A: If you’re very open and you’re willing to take criticism and what you’re doing is so genuine and right to the heart of who you are, then you just have to have faith and keep doing it. And also to have people that you trust and being able to have that dialogue with them. Sometimes you have to be vulnerable and be like ‘what do you think of this?’ And sometimes you just have to say ‘fuck it’ and just keep doing it.
E: What is the process you usually go through when creating a specific work?
A: I’ll do research like looking at art books, that just helps me get centred. Reading essays and reading poetry and things like that, and maybe a certain word will stick with me. I have these yellow legal pads that I love from the dollar store. That’s where I’ll start jotting down notes, and little sketches will come from that. Then either colours will come to me and that’s from experiencing. Something’s clicking, somethings clueing into me. Then it starts with the studies, and then I’ll get the canvas to get an idea of what size they are. Then there’s the point of me communicating with the canvas, negotiating with it. Each stroke starts feeding off of the other ones and figures start appearing, but they’re not figures I’m necessarily intending immediately, so it's this dance with the canvas. Like I was mentioning before with the unfinished pieces, I thought, I’m going to make these pieces that are at this midpoint. You’re putting the viewer at this pinnacle point where something is neither finished nor unfinished. So you’re at this midpoint where it’s both completing and unraveling simultaneously. Drawing became very important - making the canvas full but having certain anchors. Like the teacup! One thing I’ve been really fascinated with for the past few years is the space between. That’s where things fall through, things that we can’t actually necessarily see, but we can feel it and we can describe it. That’s what metaphor is, so how do I create a visual metaphor in the painting? There’s this word ‘commissure’ and that’s the space between your lips when you’re closed or the space between your eyelids. There’s a tiny space, even when they’re closed and that's what a metaphor is. That’s the dialogue I have with my canvases right now.
FIVE MINUTES OF ECSTASY
E: What do you think about when you’re painting?
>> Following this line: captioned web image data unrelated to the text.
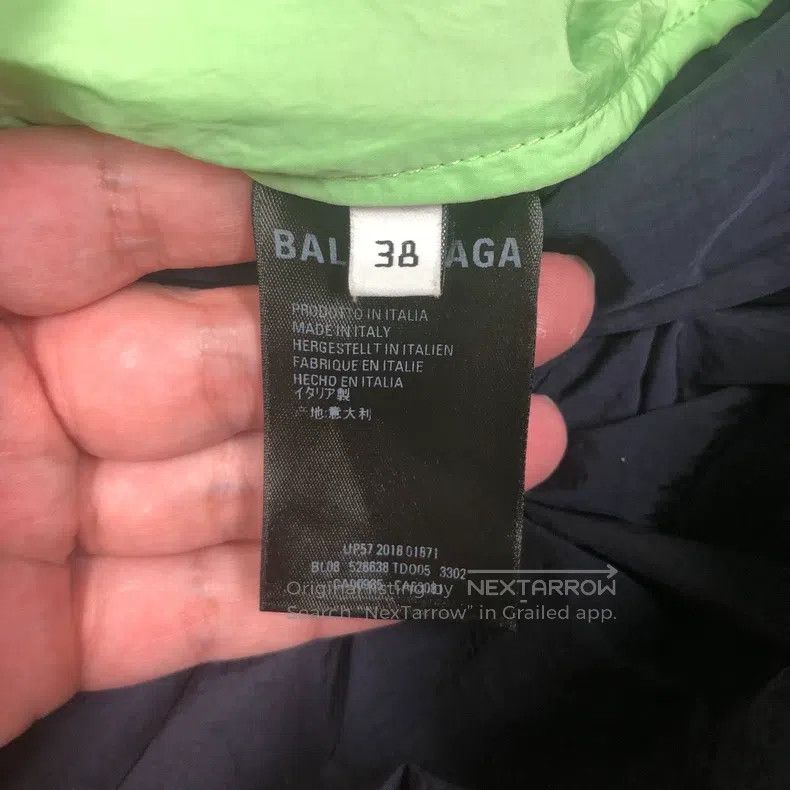Balenciaga Balenciaga Black and Green Color Blocked Windbreaker Size XS / US 0-2 / IT 36-38 - 4 Thumbnail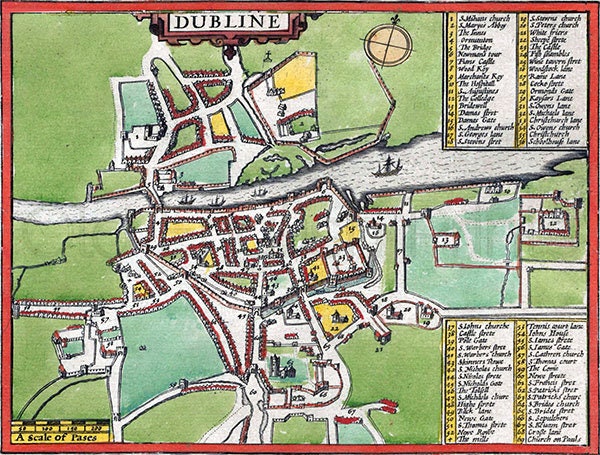 Leinster DUBLIN 17c map Full Size Printed  Replica Old  John Speed c.1610.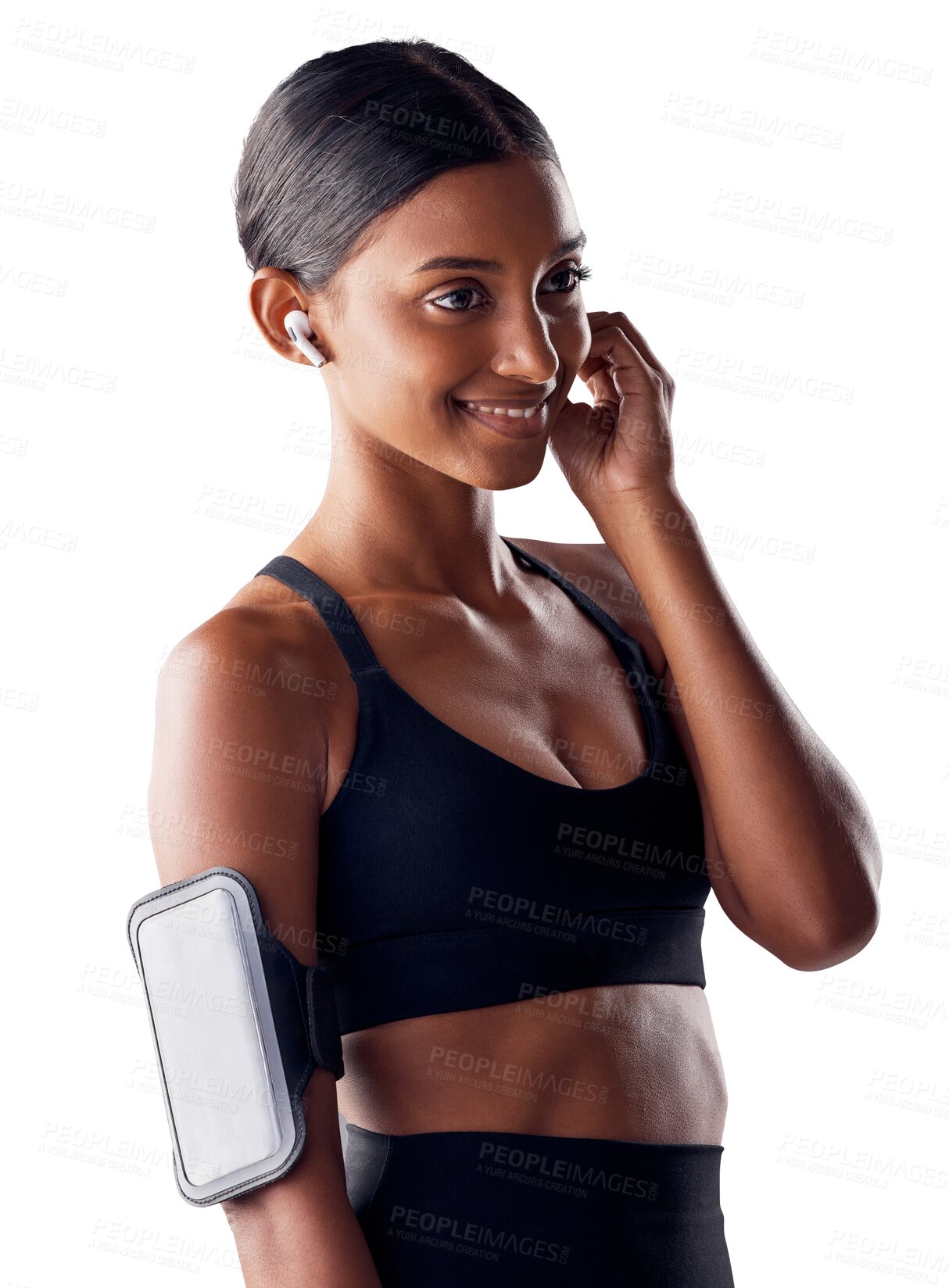 Buy stock photo Fitness, earphones and woman with phone for music, exercise and wellness for body training with smile. Streaming, listening and workout with happy girl athlete isolated on transparent png background.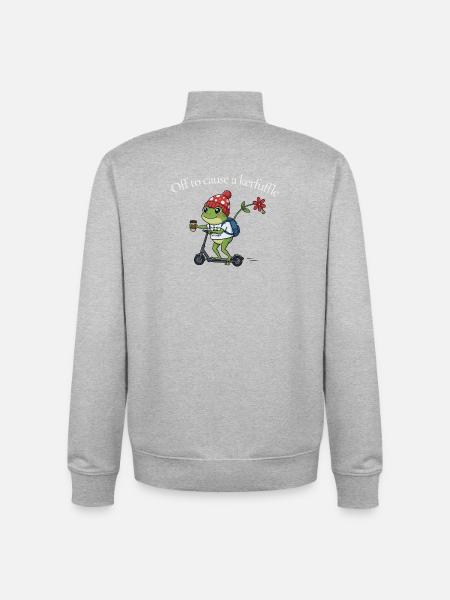 Frog on Tour Coffee Adventure - Unisex Organic Zip Sweatshirt by Stanley/Stella - heather grey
A: For me painting and making art is like working for hours for five minutes of ecstasy. Cause there is a moment when you’re making a painting when - and I’m not religious - but it’s like you’re touching god. You’re not a slave to it, but you're a slave to it. When I’m not being a good painter I’m thinking about mundane things, so it’s important to get that stuff out of your head. And when I’m painting at my best it’s like I’m feeling into the paint. Dancing’s a very important part of painting, sometimes I’ll stop for a second and dance a lot then get back to it. When things are going good, it’s all fluid, things are moving at a pace. It's kind of like you’re not even thinking ‘oh now I’ll use this colour,’ you just use the colour.
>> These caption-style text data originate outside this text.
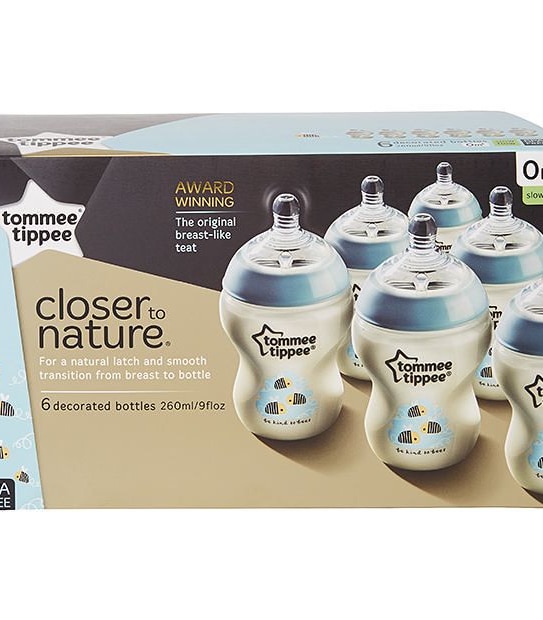 Tommee Tippee Closer To Nature 6 Pack Decorated Bottles 260ml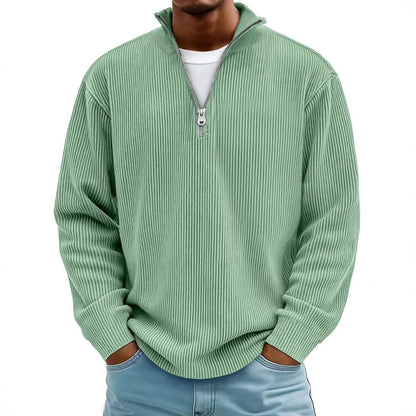 Men’s Corduroy Zip Stand Collar Sweatshirt – Casual Long Sleeve Top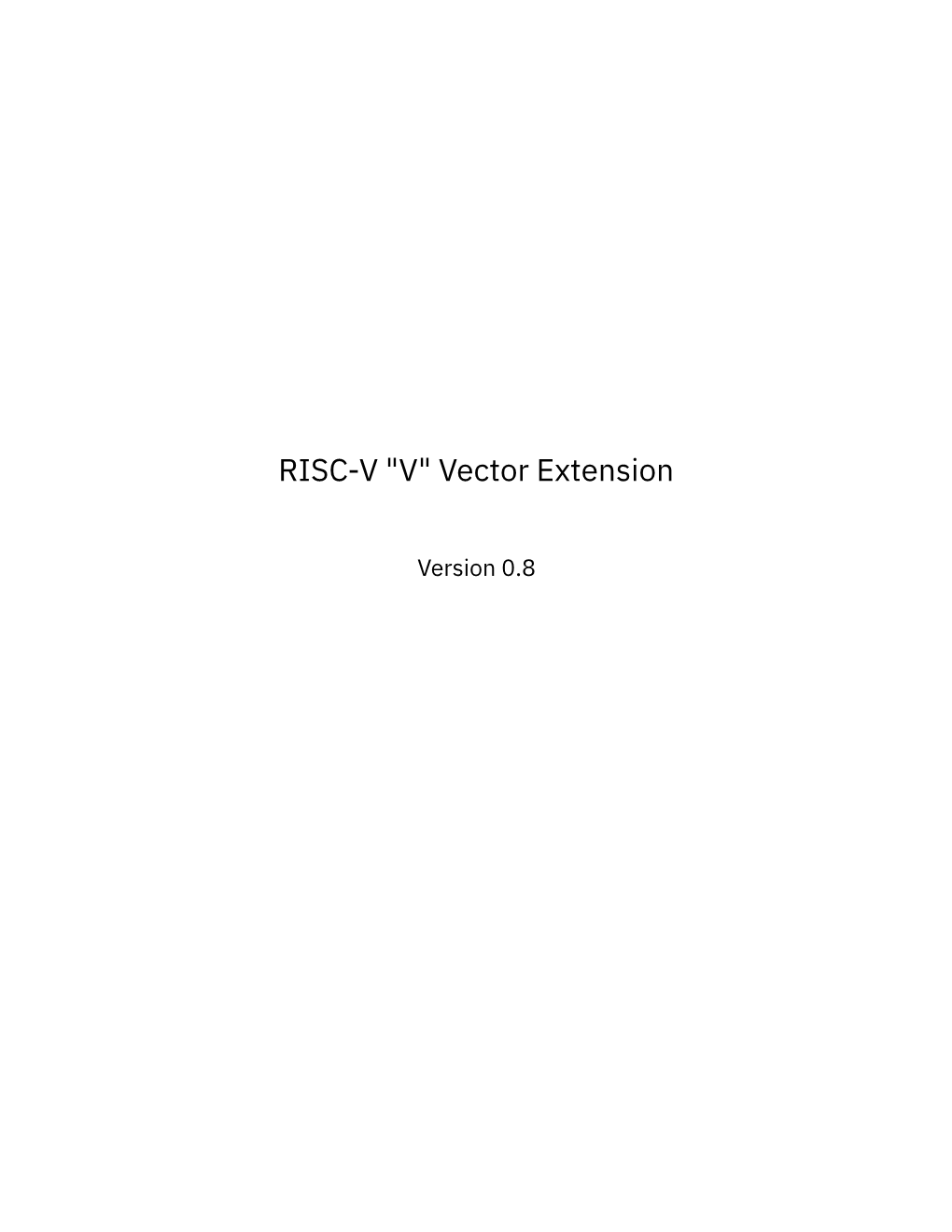 RISC-V "V" Vector Extension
I make it a point that I come to the studio everyday, and I put in close to five to eight hours a day, but I love being here. But there’s days when it's hard to be in the studio, you don’t like what you’re doing, you’re beating yourself up. I was saying to my friend earlier today when he was in a bit of a funk with painting, every canvas is a crisis, and entering the studio is a moment of questioning whether you’re brave enough to enter that crisis and go beyond it.